Without any images, write the data out exactly as it appears.

> Supplied material
● ● ● ●

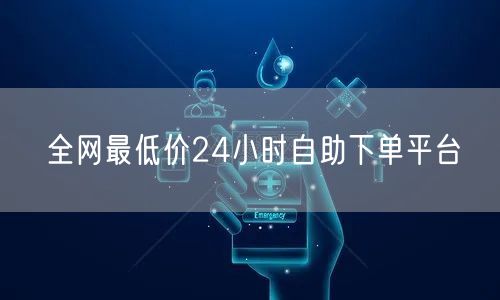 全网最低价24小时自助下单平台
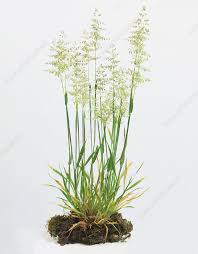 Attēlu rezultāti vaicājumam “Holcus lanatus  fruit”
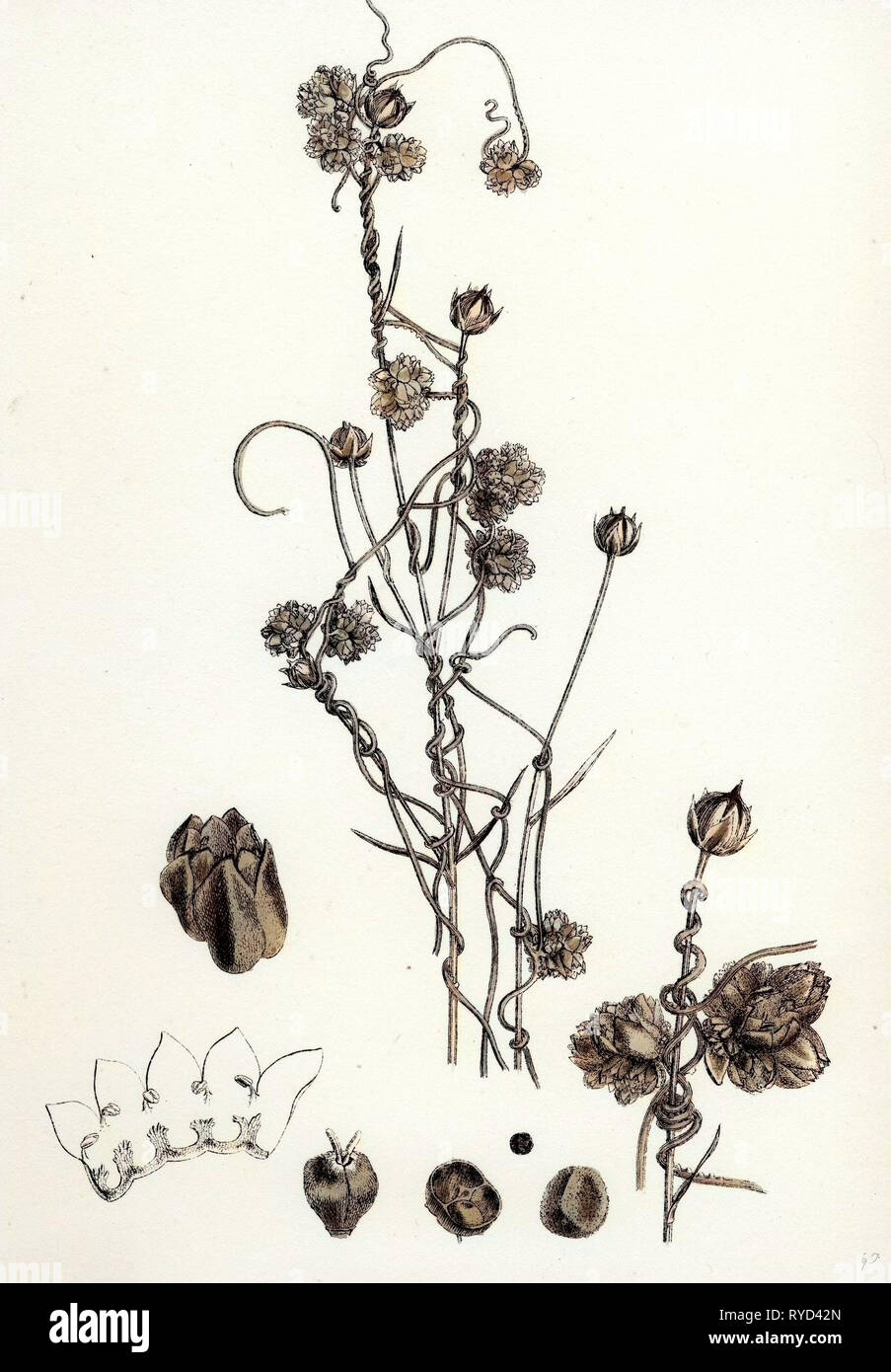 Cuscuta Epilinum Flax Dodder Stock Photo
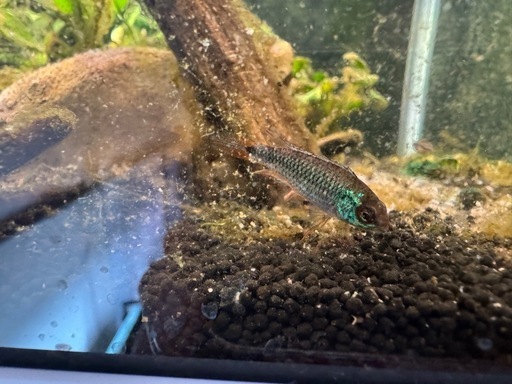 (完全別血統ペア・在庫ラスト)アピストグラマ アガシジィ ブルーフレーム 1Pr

● ● ● ●

> Result of this exercise
 全网最低价24小时自助下单平台
 Attēlu rezultāti vaicājumam “Holcus lanatus  fruit”
 Cuscuta Epilinum Flax Dodder Stock Photo
 (完全別血統ペア・在庫ラスト)アピストグラマ アガシジィ ブルーフレーム 1Pr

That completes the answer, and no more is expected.